(Given entries begins)

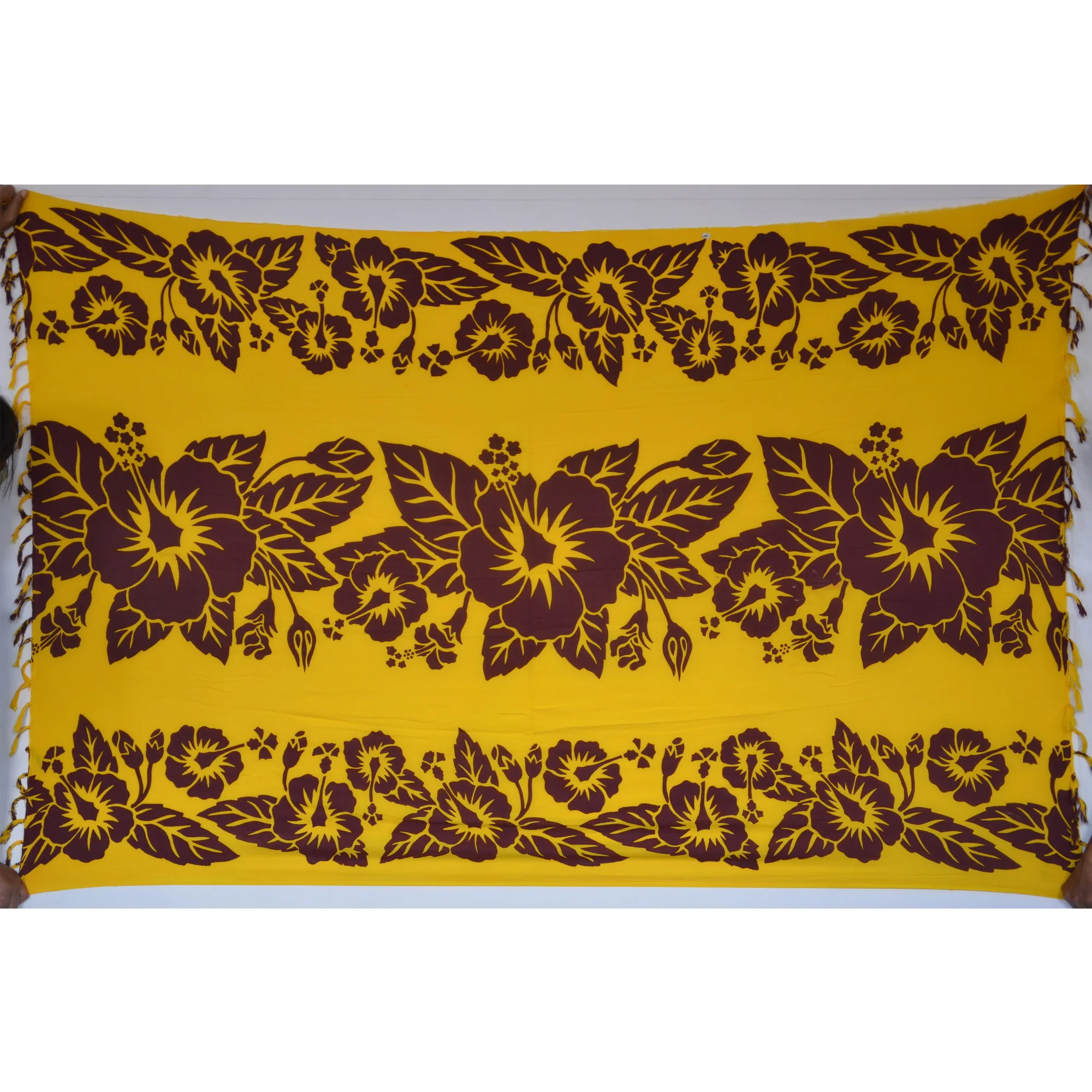 New Arrival Hawaiian Sarong Floral Print Beachwear Cover Up 100% Rayon PR082-030R2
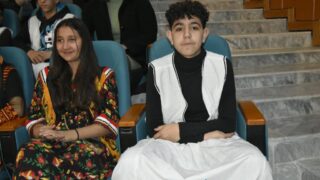 Célébration de YENNAYER 2973 249 Celebration de Yennayer a la faculte des lettres et des langues 11 01 2023194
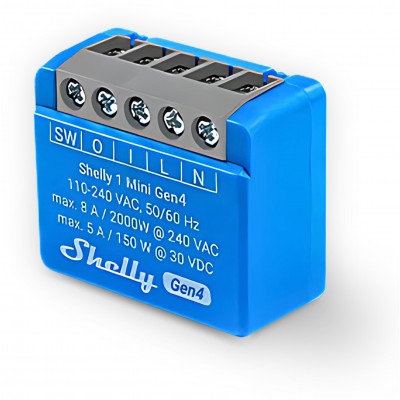 Shelly 1 Mini Gen4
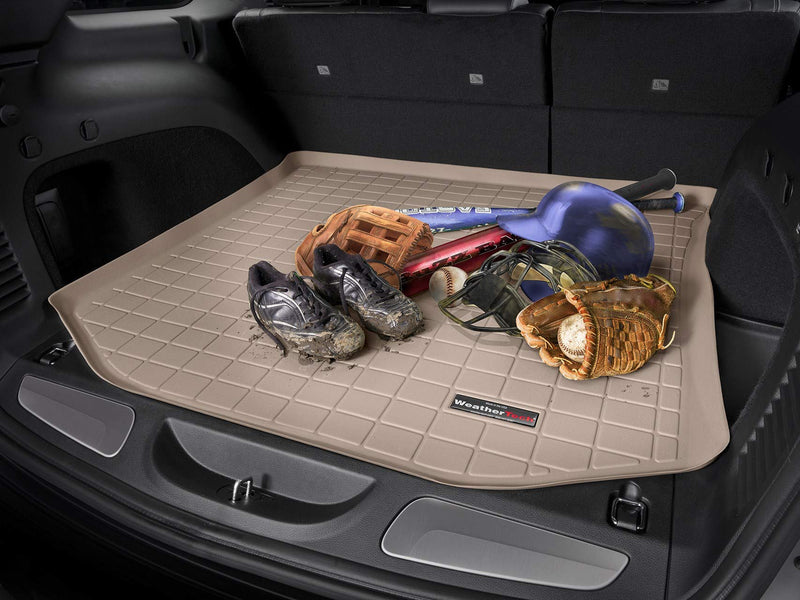 Load image into Gallery viewer, WeatherTech Custom Fit Cargo Liners for Nissan Quest, Black
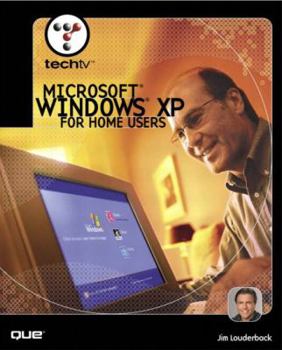 Paperback Techtv Microsoft (R) Windows XP for Home Users Book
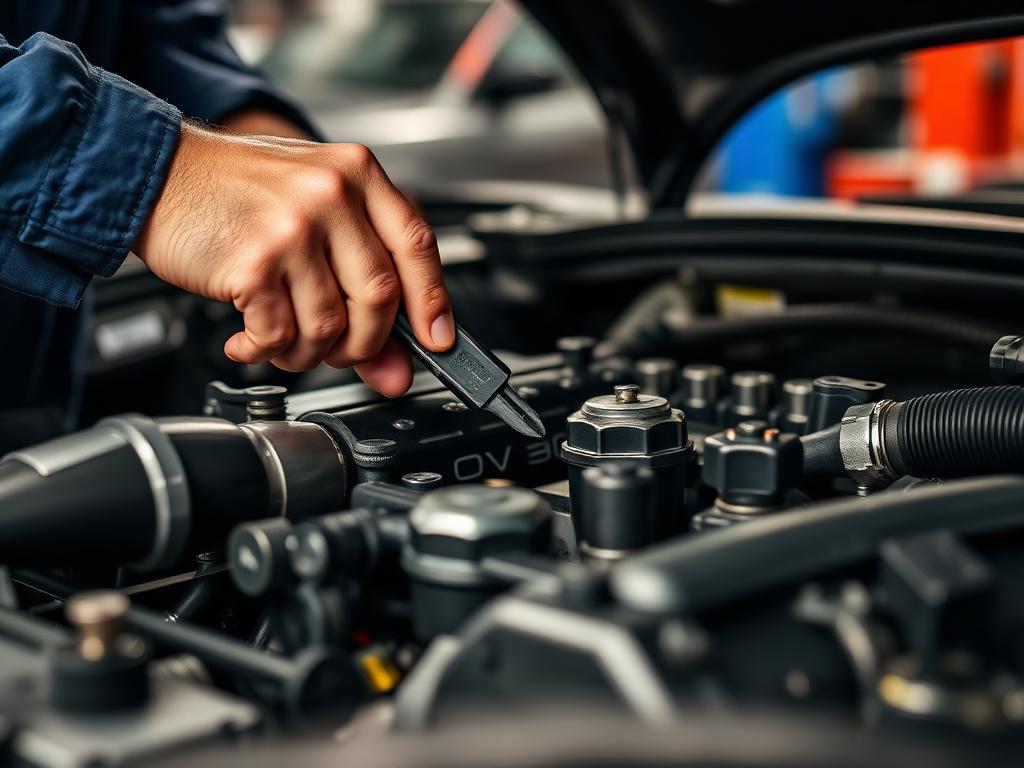 Opravy motoru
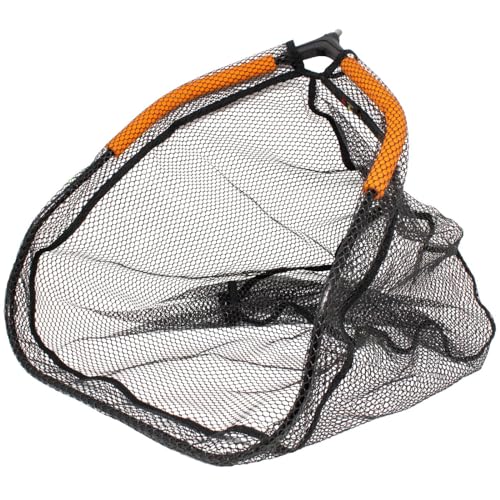 TFT Kescherkopf schwimmend 50x40cm - Forellenkescher zum Forellenangeln, Kescher für Forellen, Unterfangkescher TFT Kescherkopf schwimmend 50x40cm - Forellenkescher zum Forellenangeln, Kescher für Forellen, Unterfangkescher von FTM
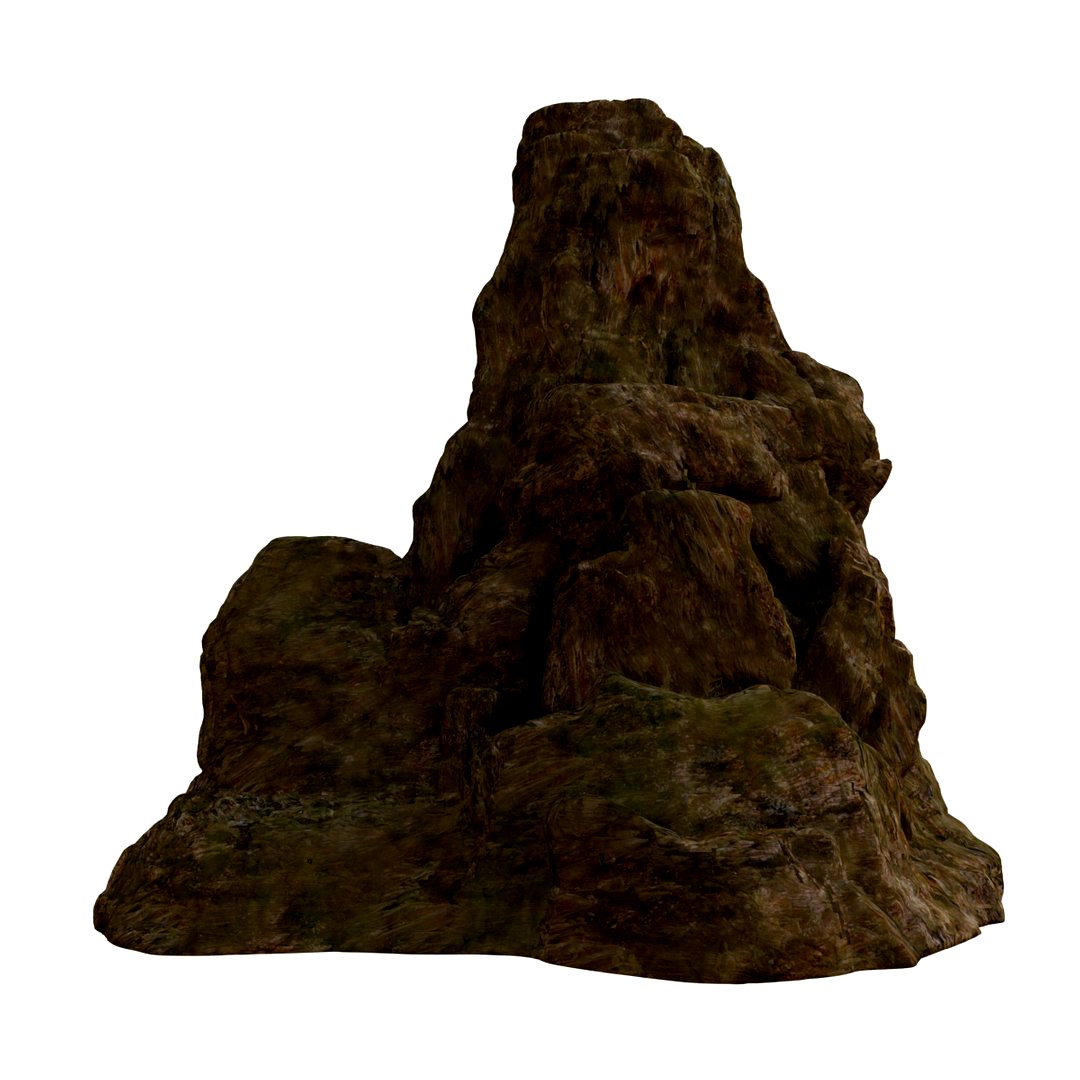 Rock High-Poly X1-0003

(Given entries ends)

- [What is expected]
The reply should hold the lines from the top of the records through the line containing "Opravy motoru", reproduced exactly, and no pictures.

- [Output of the task]
 New Arrival Hawaiian Sarong Floral Print Beachwear Cover Up 100% Rayon PR082-030R2
 Célébration de YENNAYER 2973 249 Celebration de Yennayer a la faculte des lettres et des langues 11 01 2023194
 Shelly 1 Mini Gen4
 Load image into Gallery viewer, WeatherTech Custom Fit Cargo Liners for Nissan Quest, Black
 Paperback Techtv Microsoft (R) Windows XP for Home Users Book
 Opravy motoru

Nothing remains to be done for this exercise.